Bulle dot-com vs bulle IA: le match

Charles-Henry Monchau, Banque Syz

4 minutes de lecture

Les valeurs technologiques américaines atteignent de nouveaux sommets. Sommes-nous en train de revivre un phénomène similaire à celui de la bulle internet des années 2000?

En 2023, les «7 magnifiques» (Alphabet, Amazon, Apple, Meta Platforms, Microsoft, Nvidia et Tesla) ont enregistré des gains variants entre 50 et 240%. Ces 7 grandes capitalisations boursières représentent à elles seules plus de 60% de la progression du S&P 500 pour l'année écoulée. Même si certaines d’entre elles marquent le pas depuis quelques semaines (c’est le cas notamment de Tesla), l’année 2024 a débuté sur les chapeaux de roue pour les grandes valeurs technologiques.  Ainsi, un titre comme Nvidia a vu sa capitalisation boursière  de 650 milliards de dollars depuis le 1er janvier de cette année.    

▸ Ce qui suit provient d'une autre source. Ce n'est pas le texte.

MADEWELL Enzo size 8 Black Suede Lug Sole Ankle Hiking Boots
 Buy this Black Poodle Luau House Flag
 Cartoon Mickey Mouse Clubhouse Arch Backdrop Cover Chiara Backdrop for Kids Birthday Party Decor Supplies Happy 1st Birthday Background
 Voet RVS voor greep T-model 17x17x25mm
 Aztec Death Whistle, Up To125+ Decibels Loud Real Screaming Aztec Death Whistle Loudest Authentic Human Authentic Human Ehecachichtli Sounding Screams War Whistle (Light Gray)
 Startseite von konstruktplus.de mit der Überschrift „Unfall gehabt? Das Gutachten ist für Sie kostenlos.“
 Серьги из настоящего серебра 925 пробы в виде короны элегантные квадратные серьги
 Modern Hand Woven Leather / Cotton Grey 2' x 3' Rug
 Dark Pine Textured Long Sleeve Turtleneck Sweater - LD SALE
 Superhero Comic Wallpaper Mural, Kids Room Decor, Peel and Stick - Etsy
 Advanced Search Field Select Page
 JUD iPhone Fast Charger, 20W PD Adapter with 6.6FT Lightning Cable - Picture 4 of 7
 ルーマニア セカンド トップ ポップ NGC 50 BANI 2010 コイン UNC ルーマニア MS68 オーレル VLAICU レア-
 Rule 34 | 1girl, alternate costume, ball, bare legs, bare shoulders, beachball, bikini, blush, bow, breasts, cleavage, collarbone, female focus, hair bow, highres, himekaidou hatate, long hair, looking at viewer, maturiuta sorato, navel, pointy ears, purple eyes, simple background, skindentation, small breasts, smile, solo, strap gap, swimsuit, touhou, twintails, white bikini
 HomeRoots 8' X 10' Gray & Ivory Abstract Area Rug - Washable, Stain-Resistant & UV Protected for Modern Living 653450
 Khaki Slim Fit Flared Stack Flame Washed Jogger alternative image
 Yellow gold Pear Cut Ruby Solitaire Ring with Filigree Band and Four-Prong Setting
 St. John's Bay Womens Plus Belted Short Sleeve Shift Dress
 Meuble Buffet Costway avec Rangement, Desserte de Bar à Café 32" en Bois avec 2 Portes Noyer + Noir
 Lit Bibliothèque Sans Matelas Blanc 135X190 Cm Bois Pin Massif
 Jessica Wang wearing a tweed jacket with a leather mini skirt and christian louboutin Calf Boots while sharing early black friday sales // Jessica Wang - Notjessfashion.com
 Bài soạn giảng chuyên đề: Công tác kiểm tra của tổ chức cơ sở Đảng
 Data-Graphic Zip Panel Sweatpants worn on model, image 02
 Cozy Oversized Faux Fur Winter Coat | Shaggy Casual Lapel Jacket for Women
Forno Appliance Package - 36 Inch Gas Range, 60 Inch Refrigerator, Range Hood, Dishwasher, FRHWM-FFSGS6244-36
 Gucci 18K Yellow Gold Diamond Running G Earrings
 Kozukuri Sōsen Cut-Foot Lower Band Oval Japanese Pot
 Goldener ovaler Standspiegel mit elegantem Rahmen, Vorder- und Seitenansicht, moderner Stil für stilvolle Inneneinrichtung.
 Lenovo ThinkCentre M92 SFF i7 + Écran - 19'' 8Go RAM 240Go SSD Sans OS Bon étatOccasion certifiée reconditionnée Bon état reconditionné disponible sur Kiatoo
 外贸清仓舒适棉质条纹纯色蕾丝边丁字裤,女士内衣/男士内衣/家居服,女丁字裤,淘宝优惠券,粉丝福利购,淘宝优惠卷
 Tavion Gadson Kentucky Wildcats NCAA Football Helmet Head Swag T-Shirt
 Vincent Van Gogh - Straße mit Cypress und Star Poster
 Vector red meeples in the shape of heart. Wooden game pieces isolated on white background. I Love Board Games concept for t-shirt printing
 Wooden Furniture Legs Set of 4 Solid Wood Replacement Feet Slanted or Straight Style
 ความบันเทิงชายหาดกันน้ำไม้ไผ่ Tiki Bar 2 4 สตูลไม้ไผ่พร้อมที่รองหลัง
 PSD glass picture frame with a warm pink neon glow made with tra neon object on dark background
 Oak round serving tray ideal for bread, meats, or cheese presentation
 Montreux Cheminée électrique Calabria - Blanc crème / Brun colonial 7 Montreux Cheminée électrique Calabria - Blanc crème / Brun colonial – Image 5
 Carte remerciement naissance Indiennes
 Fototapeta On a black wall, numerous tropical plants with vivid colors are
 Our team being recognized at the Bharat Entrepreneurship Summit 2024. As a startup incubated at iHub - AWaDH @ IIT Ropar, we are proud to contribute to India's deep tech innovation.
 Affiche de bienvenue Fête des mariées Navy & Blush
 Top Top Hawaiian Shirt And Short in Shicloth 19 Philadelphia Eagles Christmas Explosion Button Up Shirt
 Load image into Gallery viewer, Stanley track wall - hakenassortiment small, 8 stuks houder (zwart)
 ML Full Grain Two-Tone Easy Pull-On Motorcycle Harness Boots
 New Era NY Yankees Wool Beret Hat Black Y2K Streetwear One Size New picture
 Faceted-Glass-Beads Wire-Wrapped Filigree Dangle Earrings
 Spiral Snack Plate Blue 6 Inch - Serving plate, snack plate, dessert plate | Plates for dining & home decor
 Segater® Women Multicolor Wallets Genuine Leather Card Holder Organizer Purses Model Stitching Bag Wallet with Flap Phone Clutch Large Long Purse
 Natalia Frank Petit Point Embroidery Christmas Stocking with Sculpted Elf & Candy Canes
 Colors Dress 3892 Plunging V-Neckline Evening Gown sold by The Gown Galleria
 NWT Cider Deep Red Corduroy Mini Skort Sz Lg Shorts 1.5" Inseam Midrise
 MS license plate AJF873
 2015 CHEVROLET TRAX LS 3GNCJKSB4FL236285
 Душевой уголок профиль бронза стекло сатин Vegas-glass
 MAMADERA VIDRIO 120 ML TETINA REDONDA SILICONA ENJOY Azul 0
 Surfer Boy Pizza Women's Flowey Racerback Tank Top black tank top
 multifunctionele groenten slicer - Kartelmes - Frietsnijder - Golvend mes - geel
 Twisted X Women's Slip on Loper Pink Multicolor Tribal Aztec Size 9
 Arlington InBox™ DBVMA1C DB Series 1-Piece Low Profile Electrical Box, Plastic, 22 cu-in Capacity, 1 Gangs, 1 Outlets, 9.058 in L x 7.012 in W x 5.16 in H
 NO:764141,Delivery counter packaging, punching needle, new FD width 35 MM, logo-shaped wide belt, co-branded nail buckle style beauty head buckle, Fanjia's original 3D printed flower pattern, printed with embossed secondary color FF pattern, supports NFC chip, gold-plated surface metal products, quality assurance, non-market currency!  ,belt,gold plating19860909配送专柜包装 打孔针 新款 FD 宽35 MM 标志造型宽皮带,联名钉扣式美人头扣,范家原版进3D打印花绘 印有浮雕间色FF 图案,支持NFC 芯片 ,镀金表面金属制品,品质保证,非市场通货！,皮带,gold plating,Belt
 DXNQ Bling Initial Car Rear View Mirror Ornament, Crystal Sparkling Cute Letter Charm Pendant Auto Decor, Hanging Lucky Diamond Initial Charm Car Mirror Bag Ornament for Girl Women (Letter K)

La prédominance de ces titres sur les marchés boursiers américains et mondiaux a un air de déjà-vu, rappelant une époque où les valeurs technologiques s'étaient emballées avant de connaître une chute dramatique.

Ci-dessous, nous proposons d'approfondir les similitudes et différences entre la bulle Internet des années 2000 et la tendance actuelle du secteur technologique.

2024: un bis repetita de l'an 2000?

I. Les risques de concentration des marchés

A la fin des années 1990, les valeurs internet étaient devenues incontournables. Pour de nombreux investisseurs, le Nasdaq était sur le point de remplacer le S&P 500 et le Dow Jones comme l’indice de référence pour les actions américaines. Même si les valeurs internet atteignent des multiples P/E stratosphériques (voir pas de multiple du tout car de nombreuses sociétés perdaient de l’argent), la plupart des investisseurs justifiait ces valorisations en projetant des taux de croissance très élevés et ce pendant de nombreuses années. Des projections qui s’avéraient être beaucoup trop optimistes. 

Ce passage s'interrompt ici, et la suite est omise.